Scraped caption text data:
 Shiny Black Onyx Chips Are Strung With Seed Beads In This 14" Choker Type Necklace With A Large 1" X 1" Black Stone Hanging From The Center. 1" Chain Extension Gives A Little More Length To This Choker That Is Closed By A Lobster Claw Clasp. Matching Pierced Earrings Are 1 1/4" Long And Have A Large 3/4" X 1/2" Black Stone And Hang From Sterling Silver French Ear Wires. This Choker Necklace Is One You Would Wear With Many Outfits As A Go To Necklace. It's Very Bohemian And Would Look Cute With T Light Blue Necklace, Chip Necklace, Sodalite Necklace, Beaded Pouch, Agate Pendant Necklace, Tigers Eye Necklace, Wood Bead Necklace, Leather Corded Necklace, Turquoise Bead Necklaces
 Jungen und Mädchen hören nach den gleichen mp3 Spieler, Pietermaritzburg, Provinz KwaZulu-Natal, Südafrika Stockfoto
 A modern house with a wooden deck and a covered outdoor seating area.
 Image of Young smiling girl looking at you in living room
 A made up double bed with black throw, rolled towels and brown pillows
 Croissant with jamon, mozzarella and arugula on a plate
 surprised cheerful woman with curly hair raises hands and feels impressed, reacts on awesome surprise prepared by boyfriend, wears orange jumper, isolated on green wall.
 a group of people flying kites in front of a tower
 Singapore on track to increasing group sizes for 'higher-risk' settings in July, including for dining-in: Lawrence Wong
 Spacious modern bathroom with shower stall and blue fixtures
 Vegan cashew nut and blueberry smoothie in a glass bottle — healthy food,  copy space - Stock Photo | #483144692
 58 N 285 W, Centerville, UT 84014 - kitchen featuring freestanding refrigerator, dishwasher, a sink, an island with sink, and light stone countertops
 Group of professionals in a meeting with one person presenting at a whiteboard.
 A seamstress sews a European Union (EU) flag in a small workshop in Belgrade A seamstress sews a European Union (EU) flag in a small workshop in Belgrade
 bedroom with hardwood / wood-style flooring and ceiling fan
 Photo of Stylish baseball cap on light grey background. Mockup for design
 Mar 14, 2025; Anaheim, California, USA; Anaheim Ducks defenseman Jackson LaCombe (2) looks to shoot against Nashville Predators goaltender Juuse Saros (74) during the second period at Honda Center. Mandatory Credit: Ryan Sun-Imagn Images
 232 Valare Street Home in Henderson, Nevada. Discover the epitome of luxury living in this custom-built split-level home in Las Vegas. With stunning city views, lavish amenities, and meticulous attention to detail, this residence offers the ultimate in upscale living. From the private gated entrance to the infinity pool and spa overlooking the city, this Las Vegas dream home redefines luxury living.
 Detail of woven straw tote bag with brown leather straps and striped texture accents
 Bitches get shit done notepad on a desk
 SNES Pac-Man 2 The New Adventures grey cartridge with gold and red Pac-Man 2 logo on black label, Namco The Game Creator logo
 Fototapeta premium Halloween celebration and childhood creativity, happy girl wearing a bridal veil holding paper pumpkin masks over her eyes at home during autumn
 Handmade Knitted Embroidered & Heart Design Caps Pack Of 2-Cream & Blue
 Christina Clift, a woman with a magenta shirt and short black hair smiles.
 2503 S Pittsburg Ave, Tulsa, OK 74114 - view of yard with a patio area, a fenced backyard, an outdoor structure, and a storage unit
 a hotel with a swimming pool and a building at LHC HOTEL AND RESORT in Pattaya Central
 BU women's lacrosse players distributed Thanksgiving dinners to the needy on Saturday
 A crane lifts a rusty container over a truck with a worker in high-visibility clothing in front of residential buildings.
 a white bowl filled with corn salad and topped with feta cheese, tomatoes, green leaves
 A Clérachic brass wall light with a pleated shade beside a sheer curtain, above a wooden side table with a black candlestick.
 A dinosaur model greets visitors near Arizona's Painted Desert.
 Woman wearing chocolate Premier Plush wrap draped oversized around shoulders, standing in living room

Task objective
Please copy, exactly and with nothing else, the lines above beginning at the line that has "Jungen und Mädchen" and ending with the line that has "Spacious modern bathroom".

Exercise solution
 Jungen und Mädchen hören nach den gleichen mp3 Spieler, Pietermaritzburg, Provinz KwaZulu-Natal, Südafrika Stockfoto
 A modern house with a wooden deck and a covered outdoor seating area.
 Image of Young smiling girl looking at you in living room
 A made up double bed with black throw, rolled towels and brown pillows
 Croissant with jamon, mozzarella and arugula on a plate
 surprised cheerful woman with curly hair raises hands and feels impressed, reacts on awesome surprise prepared by boyfriend, wears orange jumper, isolated on green wall.
 a group of people flying kites in front of a tower
 Singapore on track to increasing group sizes for 'higher-risk' settings in July, including for dining-in: Lawrence Wong
 Spacious modern bathroom with shower stall and blue fixtures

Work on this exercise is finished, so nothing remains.